My dad once taught me that a chess match can end in one of four ways: checkmate, stalemate, and forfeit are the three obvious ways, but you can always pick the board up and hurl it across the room as a fourth alternative. Tuesday night, America hurled the board.

I’m still trying to wrap my head around what happened. Yesterday, CNN interviewed several people in Ohio who voted for Trump. “I’m tired of Washington,” said one man. “I wanted to send a message that we wanted change.” I understand this man, but not his actions. I want change, too. If your landlord raises your rent, setting your own apartment on fire isn’t the best form of protest. I’ve tried seeing the other side’s point of view, but being repeatedly called a “middle-aged, male white dipshit who just doesn’t get it” didn’t help.

To my gay friends, my Muslim friends, my hispanic friends with undocumented family members living here in the United States… good luck? I support your rights, your right to freedom and your right to choose. If the government tries to pass laws that will limit your rights I will vote against them, but forgive me for not having a lot of faith in the voting process this week.

Last night on CNN I watched the protests in Chicago, and Philadelphia, and New York City, and Albuquerque, and our nation’s capital. Some people have written these protesters off as sore losers, but there’s more to it than that. Many of them are angry because they’re afraid. I am too.

Regardless of who you voted for, I, along with the rest of the world, will be waiting to see what happens next. Some people claim that the Trump we see on television and in the debates is not the same Trump that works behind closed doors, getting things done. I hope that’s true. I hope the same Trump that yells at people, denigrates women, and gets in Twitter fights at three in the morning is not the same guy that shows up when foreign heads of state come knocking. If they are one and the same, then lord help us.

2 comments to President Trump

  • Carmen

    Thank you Rob. You put in words almost exactly how I feel. I am looking forward to him proving me wrong.
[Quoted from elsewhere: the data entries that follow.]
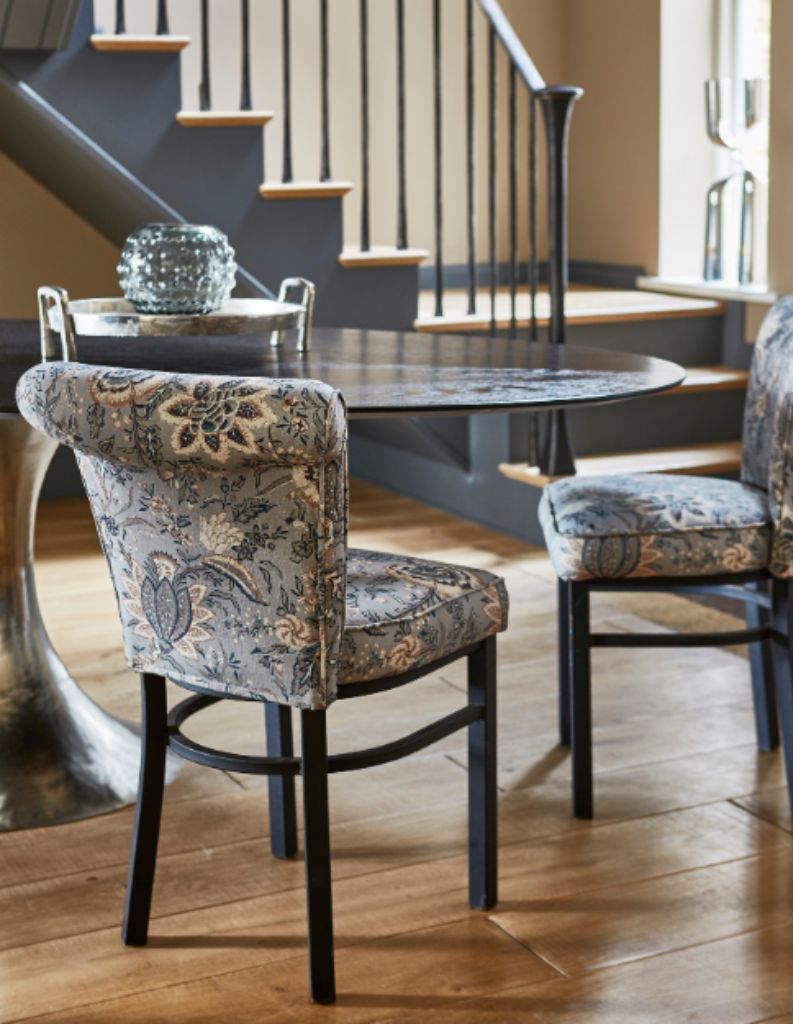 A regencycore inspired sitting area with patterned chairs and modern table.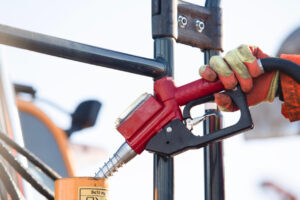 Refueling an excavator with gasoline.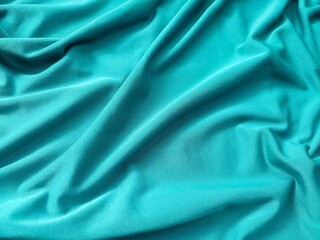 Cyan colored fabric texture and background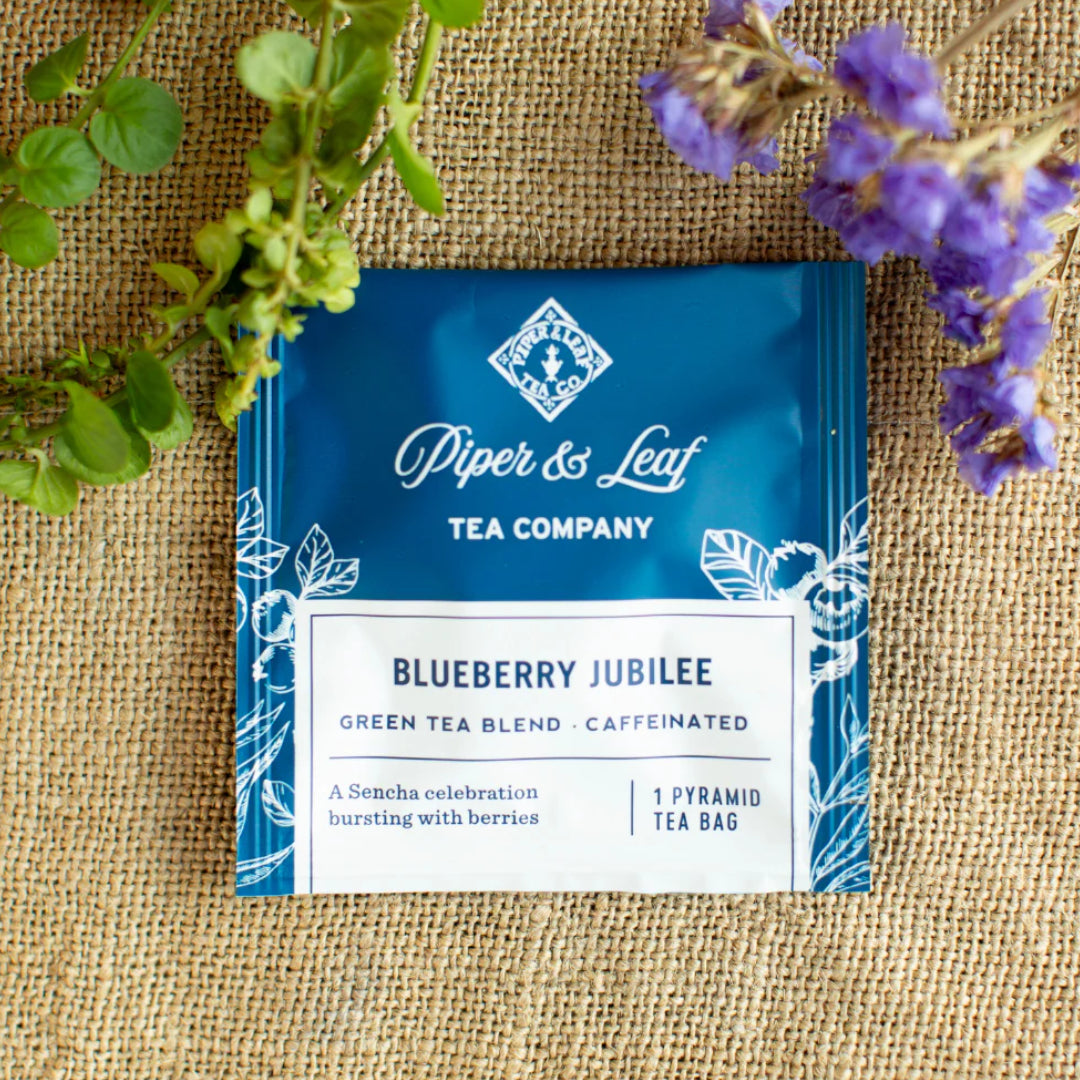 A Piper & Leaf Tea Co. Blueberry Jubilee box of 12 individually wrapped tea bag sachets rests on burlap amid green and purple foliage, showcasing its unique blueberry tea blend made with Sencha green tea.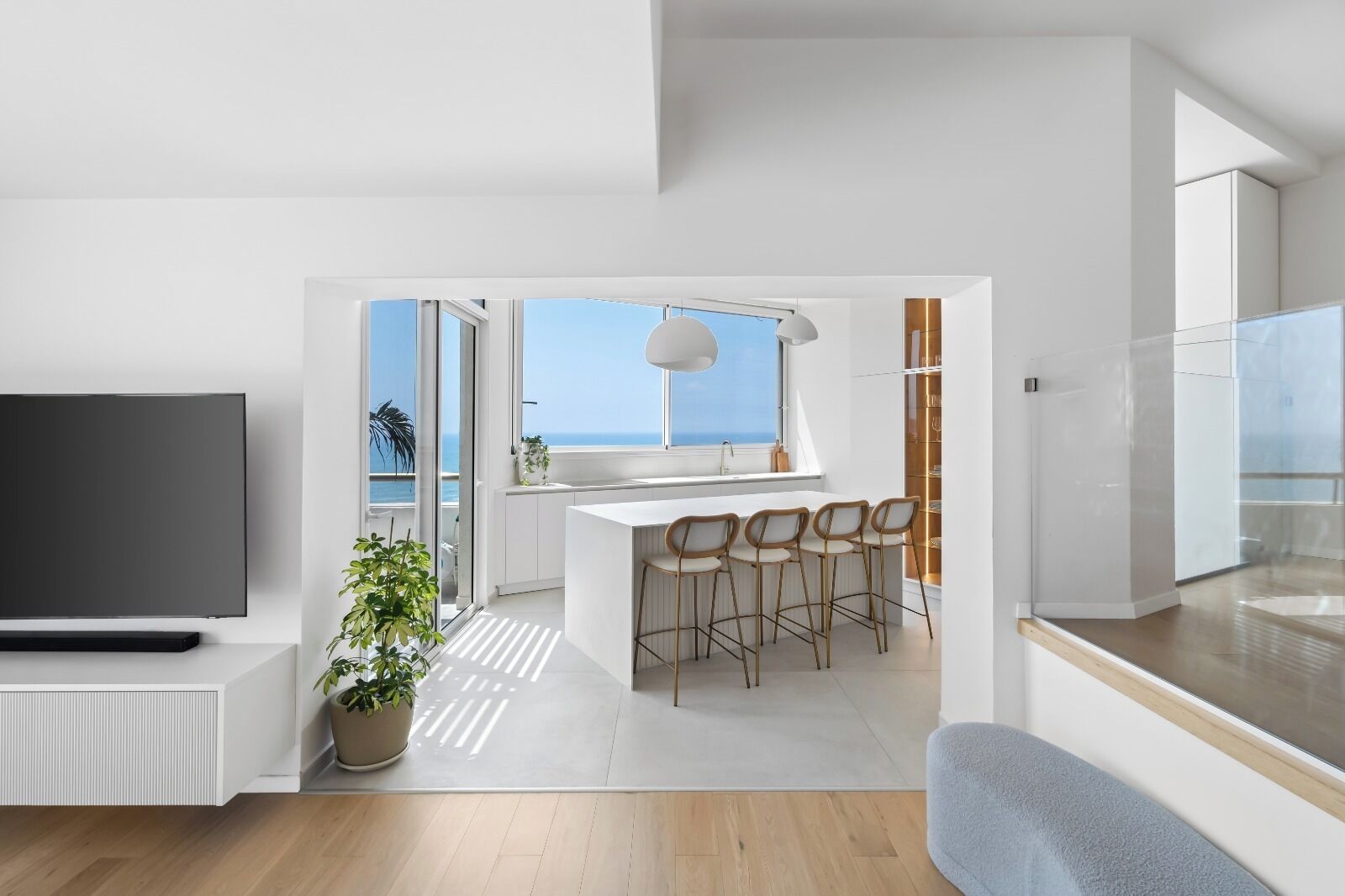 Un salon moderne doté d’un téléviseur à écran plat, d’une plante en pot et offrant une vue sur l’océan grâce à de grandes fenêtres.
If you are a white man, then you are an equal with our President elect. If you are anything but that, you are less. Some far less than others. Again, the best thing that can happen is I am proven wrong.

  • I think you hit the email server issue on the head.

    “I would be instantly fired for doing the same thing.” But you wouldn’t have done anything illegal. That is exactly the same conclusion the FBI came to.

    I also don’t believe for one minute that they didn’t have backups. They’re saying with a straight face that one of the most powerful people in the world don’t have offsite backups?

    Anyway, its over. Begrudgingly. Hopefully this brings awareness to data integrity.